Appearing on the flagship show, Kehinde Andrews, who is of Afro-Caribbean descent, gave his controversial take about whether there can ever be adequate reparations for human history built on oppression and slavery.
Speaking on BBC Newsnight, he said: “The West is built on racism, the principle of white supremacy is embedded into our political economy.
“This isn’t something that happened in the past this is something that happens today.
“There’s a reason why children die every second on the African continent.
“And that’s why it still lives with us and that’s why we need to have a total revolution.”
Mr Andrews argues that white supremacy is based on the belief that black people are inferior and this is reflected in the global economy.
He has appeared on the programme before to argue that British stars should not stand for the national anthem and has appeared at an Oxford University debate to argue that the British education system perpetuates racism.
But the professor is highly critical of Barack Obama and said he did not do enough to help black people in America.
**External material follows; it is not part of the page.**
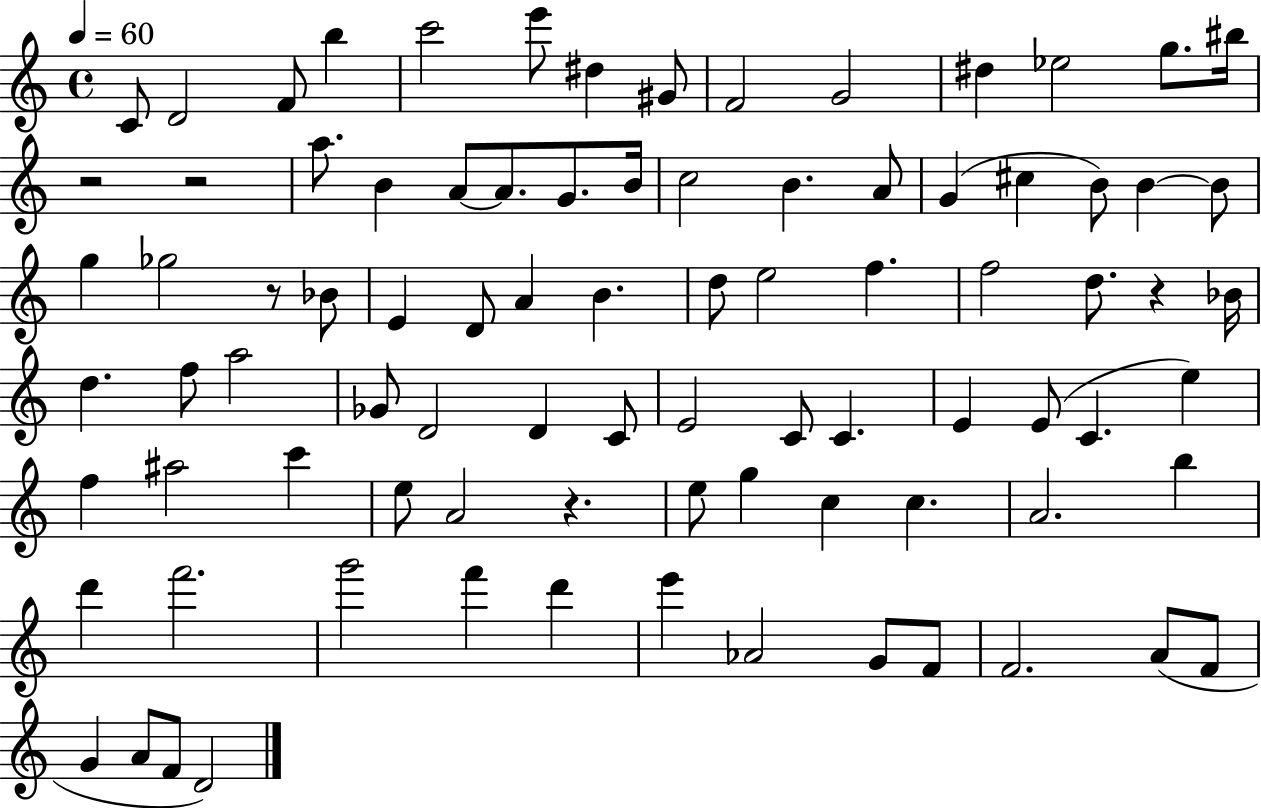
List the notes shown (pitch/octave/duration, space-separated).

C4/e D4/h F4/e B5/q C6/h E6/e D#5/q G#4/e F4/h G4/h D#5/q Eb5/h G5/e. BIS5/s R/h R/h A5/e. B4/q A4/e A4/e. G4/e. B4/s C5/h B4/q. A4/e G4/q C#5/q B4/e B4/q B4/e G5/q Gb5/h R/e Bb4/e E4/q D4/e A4/q B4/q. D5/e E5/h F5/q. F5/h D5/e. R/q Bb4/s D5/q. F5/e A5/h Gb4/e D4/h D4/q C4/e E4/h C4/e C4/q. E4/q E4/e C4/q. E5/q F5/q A#5/h C6/q E5/e A4/h R/q. E5/e G5/q C5/q C5/q. A4/h. B5/q D6/q F6/h. G6/h F6/q D6/q E6/q Ab4/h G4/e F4/e F4/h. A4/e F4/e G4/q A4/e F4/e D4/h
He also made a surprising argument about Donald Trump, saying: “Trump is probably a better president for black people than Barack Obama.
“Malcolm X said beware of the northern fox who comes smiling and says things are better – that’s Obama.”
But Newsnight presenter Emily Maitlis pointed out that black unemployment went down at the end of Obama’s premiership.
Mr Andrews retorted: “But poverty went up. Because what kind of jobs were people getting?
“50 percent of employed black people in New York work in fast food restaurants, that’s no kind of work. Obama could only do harm.
“At least Trump reminds us – the southern wolf – that he is not your friend.”
Kehinde Andrews’s latest book is called “Black to Black: Retelling black radicalism for the 21st Century”.
It has also been endorsed by Russel Brand.